A few days ago, I found a new near-miss to the 92 Johnson Solids. It appears on this blog, five posts ago, and looks a lot like what you see above — the differences are subtle, and will be explained below, after “near-miss” has been clarified.
A near-miss is a polyhedron which is almost a Johnson Solid. So what’s a Johnson Solid?
Well, consider all possible convex polyhedra which have only regular polygons as faces. Remove from this set the five Platonic Solids:
Next, remove the thirteen Archimedean Solids:
Now remove the infinite sets of prisms and antiprisms, the beginning of which are shown here:
What’s left? The answer to this question is known; it’s the set of Johnson Solids. It has been proven that there are exactly 92 of them:
When Norman Johnson systematically found all of these, and named them, in the late 1960s, he found a number of other polyhedra which were extremely close to being in this set. These are called the “near misses.” An example of a near-miss is the tetrated dodecahedron, which I co-discovered, and named, about a decade ago:
If you go to http://www.software3d.com/Stella.php, you can download a free trial version of software, Stella 4d, written by a friend of mine, Robert Webb (RW), which I used to generate this last image, as well as the rotating .gif which starts this post. (The still pictures were simply found using Google image-searches.) Stella 4d has a built-in library of near-misses, including the tetrated dodecahedron . . . but it doesn’t have all of them.

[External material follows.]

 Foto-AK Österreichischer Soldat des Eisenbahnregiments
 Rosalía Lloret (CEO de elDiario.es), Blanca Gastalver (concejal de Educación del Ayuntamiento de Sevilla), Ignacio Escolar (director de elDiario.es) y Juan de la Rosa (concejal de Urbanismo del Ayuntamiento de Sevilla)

Well, why not? The reason is simple: the near-misses have no precise definition. They are simply “almost,” but not quite, Johnson Solids. In the case of the tetrated dodecahedron, what keeps it from being a Johnson Solid is the edges where yellow triangles meet other yellow triangles. These edges must be ~7% longer than the other edges, so the yellow triangles, unlike the other faces, are not quite regular — merely close.
There is no way to justify an arbitrary rule for just how close a near-miss must be to “Johnsonhood” be considered an “official” near-miss, so mathematicians have made no such rule. Research to find more near-misses is ongoing, and, due to the “fuzziness” of the definition, may never stop.
My informal test for a proposed near-miss is simple: I show it to RW, and if he thinks it’s close enough to include in the near-miss library in Stella 4d, then it passes. This new one did, but not until RW found a way to improve it, using something I don’t really understand called a “spring model.” What you see at the top of this post is the result. Unlike in the previous version, the green decagons here are regular, but at the expense of regularity in the (former) blue squares, now near-squarish trapezoids, as well as the yellow hexagons. The pink hexagons are slightly irregular in both versions, and the red pentagons are regular in both.
I’m eagerly anticipating the release of the next version of Stella 4d, for this near-miss will be in it. If I tell my students about this new discovery, they’ll want to know how much I got paid for it, which is, of course, nothing. I don’t know how to explain to them what it feels like to participate in the discovery of something — anything — which will survive me by a very long time. There’s nothing else quite like that feeling.
Now I just need to think of a good name for this thing!
[Update: the new version of Stella is now out, and this polyhedron is now included in it. As it turns out, I no longer need to think of a name for this polyhedron, for RW took care of that for me, naming it the “zonish truncated icosahedron” in Stella‘s built-in library of polyhedra.]
This is a face-based zonish truncated icosahedron.
I’ve only been looking for a new near-miss for a decade!
Software credit: see www.software3d.com/Stella.php.
The tetrated dodecahedron is a near-miss Johnson solid. It was first discovered in 2002 by Alex Doskey. I then independently rediscovered it in 2003, and named it, not learning of Doskey’s original discovery for several years after that.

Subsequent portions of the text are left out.